All Photos Jacksonville Terminal - from then - until now
bloggers collection available at the State Photographic Archives
HOW'S YOUR STIMULUS JACKSONVILLE?
Some very interesting numbers are on the screen for the long awaited stimulus, and now it looks like the same old war - Highways -VS- Mass Transit has raised it's ugly head again. I'm getting the feeling some politicians are revisiting the old National City Line's fiasco.
Our die should be cast with superb mass transit, we have it in our cards like no other city. JTA Has shattered ridership records, in fact all over Florida mass transit lifted off during the recent spike in gasoline prices. Some agency's could even be confused with NASA'S many rockets down on the Space Coast. Yet JTA, even with Streetcar, Commuter Rail, Bus Rapid Transit, Skyway, and Enhanced Bus, plans in hand, has asked for NOTHING! The Aviation Authority Director took some drawings and prints of a new super airport to Washington and single handily begged for $7 Billion dollars worth of improvements for Jacksonville International Airport (JAX). The Transit Authority Director has been to Washington many times, but so far no word on his asking for a cent. The timing couldn't be worse for our leadership
to sit on their hands.
We have a stacked deck in the US House of Representatives, with several members not only from our state but from OUR CITY! Not just any Representatives mind you but ranking members of the House Transportation Subcommittee. Even these members are flustered by the city's lack of action. Congressman and friend John Mica recently told me, "Bob get me something in my hands, get me a plan, anything!"
Amtrak, wants to expand and in a recent session at JTA, they confided that they have a plan which would, they believe, operate at a profit in Florida. With Jacksonville as the hub, they want to install a 5 train per route system to kick off Florida corridor services. Folks that would be 15 trains a day South of Jacksonville on 3 different routes, FEC, CSX "A" line, CSX "S" line, not to mention the chance of the "Gulf Wind" from Jax to New Orleans (more recently known as the Sunset Limited LA-JAX). The State has already enhanced capacity on the CSX to New Orleans and they have promised to do the same on the Florida East Coast.

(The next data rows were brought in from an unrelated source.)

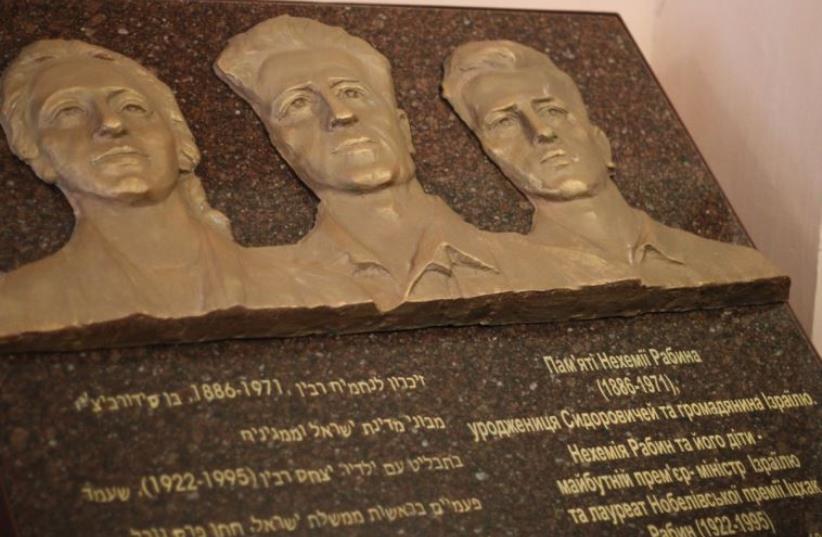 A memorial tablet carrying the bronze image of Nechemia Rabin flanked by his two children, Yitzhak and Rachel (photo credit: Courtesy)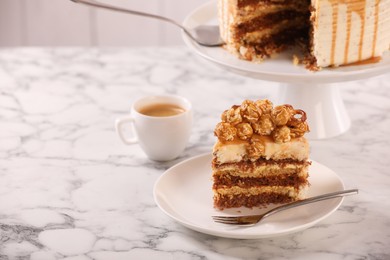 Photo of Piece of caramel drip cake decorated with popcorn and pretzels on white marble table, space for text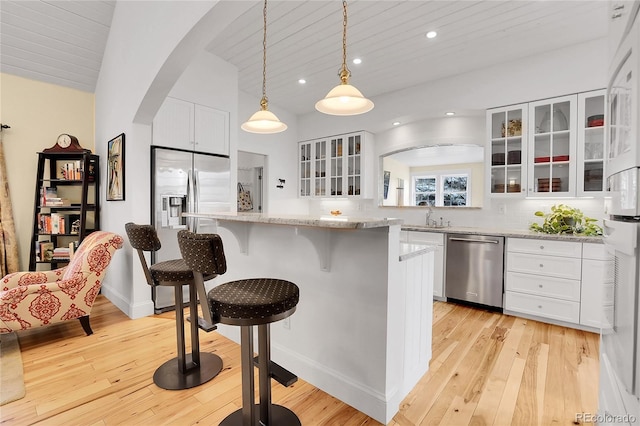 kitchen with arched walkways, stainless steel appliances, light wood-style floors, a sink, and a kitchen bar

Greyhound wants to move to new digs in Jacksonville as well, something close to a downtown train station (which we've closed for a nearly useless Convention Center suffering from a lack of space. So with Greyhound needing a home, and Amtrak wanting back into the old Terminal as a Florida Hub, the time is right to get that Transportation Center off the drawing boards and on the ground. By the way this center is often called the JTC (Jacksonville Transportation Center), or the "Prime Osbourne Convention Center", this blog will continue to call it by the name carved into the massive masonary over the 14 giant sandstone columns, JACKSONVILLE TERMINAL and JACKSONVILLE UNION STATION.
The Convention Center was subject of a deep study last year to find a new location with much more room. Many, many cities only a quarter of our size have much larger facilities. Orlando has a million square feet, Savannah and Mobile are in the hundreds of thousands, and we sit at about 80,000 square feet in a city that dwarfs these in size and corporate presence. This would seem like a no brainer, get that new center going up down on the beautiful riverfront downtown, and allow the greatest railroad station of the South to breath back to life.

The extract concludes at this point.